§ **AIM OF THE EXERCISE**
Your answer should be the data below, reproduced with nothing changed.
┌──
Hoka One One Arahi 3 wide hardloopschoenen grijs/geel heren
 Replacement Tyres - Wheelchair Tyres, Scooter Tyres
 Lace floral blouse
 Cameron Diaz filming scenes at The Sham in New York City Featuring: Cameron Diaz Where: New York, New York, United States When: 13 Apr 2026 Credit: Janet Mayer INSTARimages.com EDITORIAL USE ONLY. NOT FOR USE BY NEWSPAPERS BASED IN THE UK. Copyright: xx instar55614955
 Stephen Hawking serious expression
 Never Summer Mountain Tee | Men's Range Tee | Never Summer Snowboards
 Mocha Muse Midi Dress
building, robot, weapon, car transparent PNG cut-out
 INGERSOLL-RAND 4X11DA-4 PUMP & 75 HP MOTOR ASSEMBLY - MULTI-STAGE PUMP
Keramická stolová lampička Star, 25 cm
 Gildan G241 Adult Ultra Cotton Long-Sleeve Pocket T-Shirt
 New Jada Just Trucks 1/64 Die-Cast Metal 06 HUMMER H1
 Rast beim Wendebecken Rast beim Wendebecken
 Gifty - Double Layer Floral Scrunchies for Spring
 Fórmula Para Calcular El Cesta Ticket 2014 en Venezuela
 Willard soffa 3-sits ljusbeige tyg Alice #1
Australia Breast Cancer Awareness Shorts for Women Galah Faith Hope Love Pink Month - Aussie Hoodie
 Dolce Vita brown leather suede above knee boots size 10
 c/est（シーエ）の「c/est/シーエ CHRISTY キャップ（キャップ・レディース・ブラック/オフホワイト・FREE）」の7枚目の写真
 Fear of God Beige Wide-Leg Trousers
└──
§ **RESPONSE AREA**
Hoka One One Arahi 3 wide hardloopschoenen grijs/geel heren
 Replacement Tyres - Wheelchair Tyres, Scooter Tyres
 Lace floral blouse
 Cameron Diaz filming scenes at The Sham in New York City Featuring: Cameron Diaz Where: New York, New York, United States When: 13 Apr 2026 Credit: Janet Mayer INSTARimages.com EDITORIAL USE ONLY. NOT FOR USE BY NEWSPAPERS BASED IN THE UK. Copyright: xx instar55614955
 Stephen Hawking serious expression
 Never Summer Mountain Tee | Men's Range Tee | Never Summer Snowboards
 Mocha Muse Midi Dress
building, robot, weapon, car transparent PNG cut-out
 INGERSOLL-RAND 4X11DA-4 PUMP & 75 HP MOTOR ASSEMBLY - MULTI-STAGE PUMP
Keramická stolová lampička Star, 25 cm
 Gildan G241 Adult Ultra Cotton Long-Sleeve Pocket T-Shirt
 New Jada Just Trucks 1/64 Die-Cast Metal 06 HUMMER H1
 Rast beim Wendebecken Rast beim Wendebecken
 Gifty - Double Layer Floral Scrunchies for Spring
 Fórmula Para Calcular El Cesta Ticket 2014 en Venezuela
 Willard soffa 3-sits ljusbeige tyg Alice #1
Australia Breast Cancer Awareness Shorts for Women Galah Faith Hope Love Pink Month - Aussie Hoodie
 Dolce Vita brown leather suede above knee boots size 10
 c/est（シーエ）の「c/est/シーエ CHRISTY キャップ（キャップ・レディース・ブラック/オフホワイト・FREE）」の7枚目の写真
 Fear of God Beige Wide-Leg Trousers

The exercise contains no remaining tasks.